La postura de Obama refleja la diversidad de opiniones de su equipo de política exterior, la incertidumbre sobre el significado y los efectos de las revueltas, así como su conocimiento de los límites del poder y el declive relativo de Estados Unidos. Arabia Saudí, en particular como aliado estratégico, no se mencionó una sola vez en su discurso de una hora de duración para evitar meterlo en el mismo saco que Egipto y Túnez. El presidente se preocupa menos por la coherencia y más por los resultados exitosos y por potenciar al máximo el poder de negociación estadounidense. El peso de las pruebas muestra claramente que el presidente Obama no invertirá su precioso capital político (presidencial) en arriesgadas cuestiones de política exterior que hacen frente a una resistencia interna en el país y no están comprendidas en lo que considera intereses vitales de Estados Unidos.

Después de su primer intento de ayudar a negociar un proceso de paz palestino-israelí, Obama ha adoptado una postura cautelosa.

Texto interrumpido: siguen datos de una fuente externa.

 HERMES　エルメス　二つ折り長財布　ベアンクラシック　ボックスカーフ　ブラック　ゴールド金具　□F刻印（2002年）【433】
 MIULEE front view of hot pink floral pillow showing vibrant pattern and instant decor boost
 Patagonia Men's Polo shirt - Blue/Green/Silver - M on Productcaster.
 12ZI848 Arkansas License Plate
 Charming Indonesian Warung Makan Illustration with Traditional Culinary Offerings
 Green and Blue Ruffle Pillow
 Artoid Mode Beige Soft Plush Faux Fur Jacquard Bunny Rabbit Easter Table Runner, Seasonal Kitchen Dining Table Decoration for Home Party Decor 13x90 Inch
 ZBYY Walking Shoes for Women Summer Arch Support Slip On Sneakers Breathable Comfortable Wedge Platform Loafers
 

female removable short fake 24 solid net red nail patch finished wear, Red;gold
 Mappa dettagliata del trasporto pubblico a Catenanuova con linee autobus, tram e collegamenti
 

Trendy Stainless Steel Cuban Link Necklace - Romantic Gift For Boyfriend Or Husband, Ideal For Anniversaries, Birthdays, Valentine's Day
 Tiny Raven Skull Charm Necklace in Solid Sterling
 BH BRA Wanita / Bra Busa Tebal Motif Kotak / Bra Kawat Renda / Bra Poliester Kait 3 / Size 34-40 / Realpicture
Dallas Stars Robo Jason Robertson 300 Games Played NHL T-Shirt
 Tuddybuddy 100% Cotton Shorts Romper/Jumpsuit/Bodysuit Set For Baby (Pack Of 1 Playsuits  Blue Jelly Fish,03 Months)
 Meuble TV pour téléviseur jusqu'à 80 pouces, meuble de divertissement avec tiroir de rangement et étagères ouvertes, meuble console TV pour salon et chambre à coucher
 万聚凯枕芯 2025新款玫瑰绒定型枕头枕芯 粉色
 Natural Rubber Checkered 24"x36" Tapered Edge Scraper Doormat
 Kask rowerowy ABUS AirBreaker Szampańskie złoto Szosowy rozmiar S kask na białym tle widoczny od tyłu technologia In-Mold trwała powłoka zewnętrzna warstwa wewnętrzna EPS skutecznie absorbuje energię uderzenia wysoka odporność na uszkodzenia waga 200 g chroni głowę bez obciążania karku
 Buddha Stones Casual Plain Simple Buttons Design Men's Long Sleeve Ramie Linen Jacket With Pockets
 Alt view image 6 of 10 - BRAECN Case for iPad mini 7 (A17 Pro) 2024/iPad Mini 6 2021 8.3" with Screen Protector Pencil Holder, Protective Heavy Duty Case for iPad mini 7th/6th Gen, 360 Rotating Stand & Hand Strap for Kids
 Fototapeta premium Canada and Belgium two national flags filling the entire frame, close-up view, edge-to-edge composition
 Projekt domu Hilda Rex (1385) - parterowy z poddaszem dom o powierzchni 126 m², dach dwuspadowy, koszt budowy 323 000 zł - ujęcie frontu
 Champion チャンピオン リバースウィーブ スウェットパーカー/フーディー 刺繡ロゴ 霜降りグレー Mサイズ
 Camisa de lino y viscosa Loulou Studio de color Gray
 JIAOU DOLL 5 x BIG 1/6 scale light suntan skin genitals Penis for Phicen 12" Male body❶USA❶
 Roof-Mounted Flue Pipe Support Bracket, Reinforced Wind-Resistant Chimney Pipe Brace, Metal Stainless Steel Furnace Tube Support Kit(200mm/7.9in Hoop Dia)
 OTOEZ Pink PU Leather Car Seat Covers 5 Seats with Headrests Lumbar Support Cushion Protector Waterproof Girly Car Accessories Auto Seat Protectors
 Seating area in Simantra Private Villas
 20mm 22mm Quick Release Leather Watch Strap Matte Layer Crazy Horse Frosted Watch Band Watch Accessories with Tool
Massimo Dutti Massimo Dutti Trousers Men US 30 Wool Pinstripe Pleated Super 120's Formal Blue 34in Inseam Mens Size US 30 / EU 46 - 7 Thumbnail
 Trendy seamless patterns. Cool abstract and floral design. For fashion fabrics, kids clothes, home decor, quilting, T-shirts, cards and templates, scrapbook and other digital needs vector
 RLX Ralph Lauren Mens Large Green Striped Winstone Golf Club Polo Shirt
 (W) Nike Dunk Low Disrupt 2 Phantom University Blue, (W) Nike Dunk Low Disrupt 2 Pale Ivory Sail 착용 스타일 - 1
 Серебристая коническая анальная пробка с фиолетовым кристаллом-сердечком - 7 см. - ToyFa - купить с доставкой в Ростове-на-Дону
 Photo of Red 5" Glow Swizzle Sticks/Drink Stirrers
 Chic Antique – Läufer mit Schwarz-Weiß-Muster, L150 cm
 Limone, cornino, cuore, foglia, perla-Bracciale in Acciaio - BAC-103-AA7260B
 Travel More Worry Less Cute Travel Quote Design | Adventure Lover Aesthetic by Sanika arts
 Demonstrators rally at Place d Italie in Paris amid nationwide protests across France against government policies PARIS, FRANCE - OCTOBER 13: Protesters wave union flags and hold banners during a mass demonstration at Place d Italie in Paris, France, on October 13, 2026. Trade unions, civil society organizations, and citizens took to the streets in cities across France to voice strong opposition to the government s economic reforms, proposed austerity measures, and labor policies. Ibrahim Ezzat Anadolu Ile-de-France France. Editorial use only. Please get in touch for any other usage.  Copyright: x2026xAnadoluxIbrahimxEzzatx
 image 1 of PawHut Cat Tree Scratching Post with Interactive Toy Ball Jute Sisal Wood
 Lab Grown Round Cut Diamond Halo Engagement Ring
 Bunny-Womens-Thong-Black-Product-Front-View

La oposición de Netanyahu ha frustrado la búsqueda de Obama. En lugar de desafiar a Netanyahu y de ejercer mayor presión sobre él para que acepte una solución juiciosa, Obama deja que el primer ministro israelí se escabulla. Obama ha perdido de lleno el primero y el último asalto porque no estaba dispuesto a invertir más capital político en casa. Admitió los costes para su agenda y redujo pérdidas. Teniendo en cuenta la visión mundial de Obama y sus prioridades, es dudoso que el presidente de Estados Unidos emprenda otra importante iniciativa para negociar un acuerdo de paz entre palestinos e israelíes.

Apenas hace unos días, Obama, según se informa, lamentó la decisión de Netanyahu de construir más asentamientos en los territorios palestinos ocupados. Según estas informaciones llamó “cobarde” a Netanyahu a causa de su incapacidad para llegar a un compromiso con los palestinos, añadiendo que suponía que Netanyahu continuaría avanzando por su senda temeraria. En su segundo periodo en el cargo, será muy poco probable que Obama prosiga los esfuerzos para negociar un acuerdo de paz, ya que no ve condiciones propicias para ello. Lo que esto significa es que el presidente de Estados Unidos no parece inclinado a ejercer presión sobre Israel, cliente estratégico de Estados Unidos en la región.

Fawaz A. Gerges, director del Centro de Oriente Medio en la London School of Economics. Autor de ‘Obama y Oriente Medio: ¿el fin de la importancia de Estados Unidos?’